• _What the task requires_: Only the pictures are dropped; the lines of the material that follow are returned exactly.
════════════════════
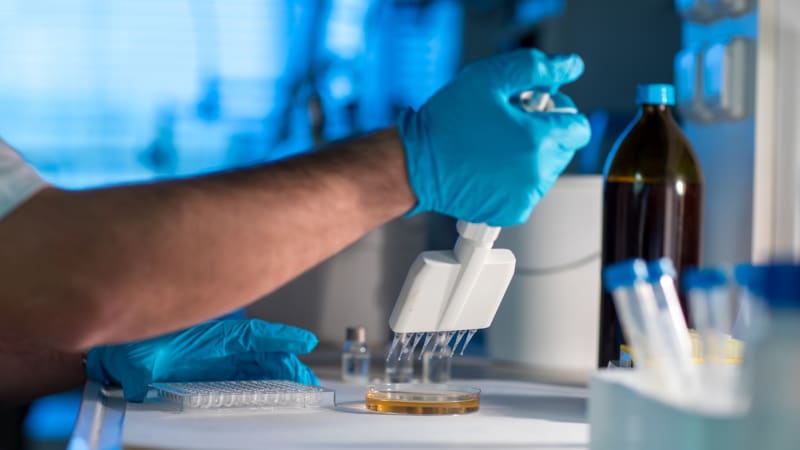 Evropou se šíří virus Shamonda. Ve Francii hlásí první úmrtí člověka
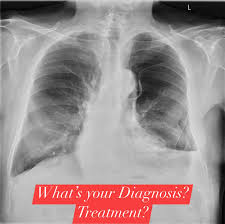 Image result for Succussion Splash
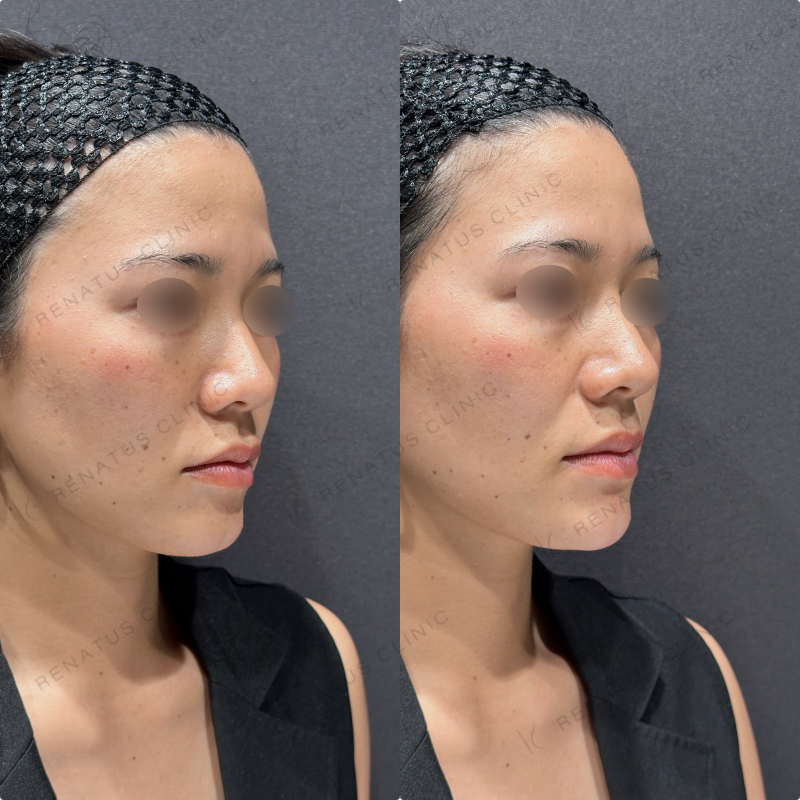 顎ヒアルロン酸ボラックス症例写真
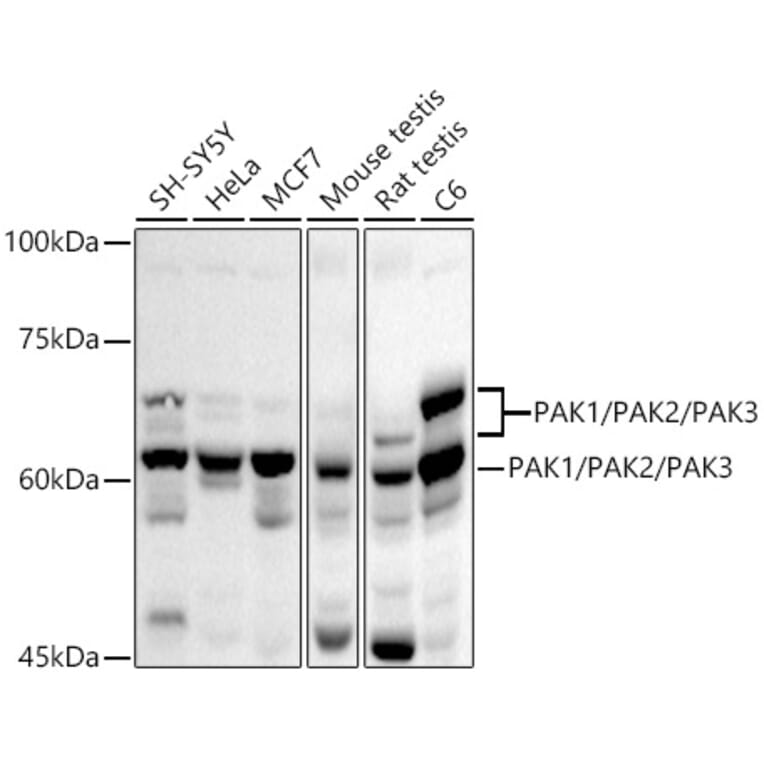 Western Blot - Anti-PAK1 + PAK2 + PAK3 Antibody (A306121) - Antibodies.com
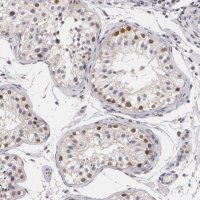 Anti-ZBTB16 antibody produced in rabbit 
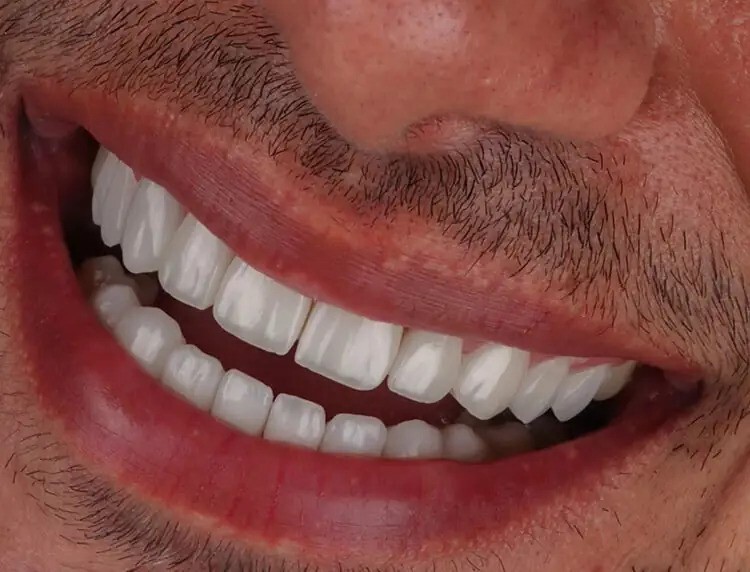 مقایسه لمینت و کامپوزیت دندان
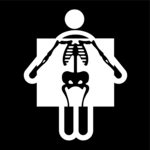 X-ray 2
════════════════════
• _Result for this exercise_:
 Evropou se šíří virus Shamonda. Ve Francii hlásí první úmrtí člověka
 Image result for Succussion Splash
 顎ヒアルロン酸ボラックス症例写真
 Western Blot - Anti-PAK1 + PAK2 + PAK3 Antibody (A306121) - Antibodies.com
 Anti-ZBTB16 antibody produced in rabbit 
 مقایسه لمینت و کامپوزیت دندان
 X-ray 2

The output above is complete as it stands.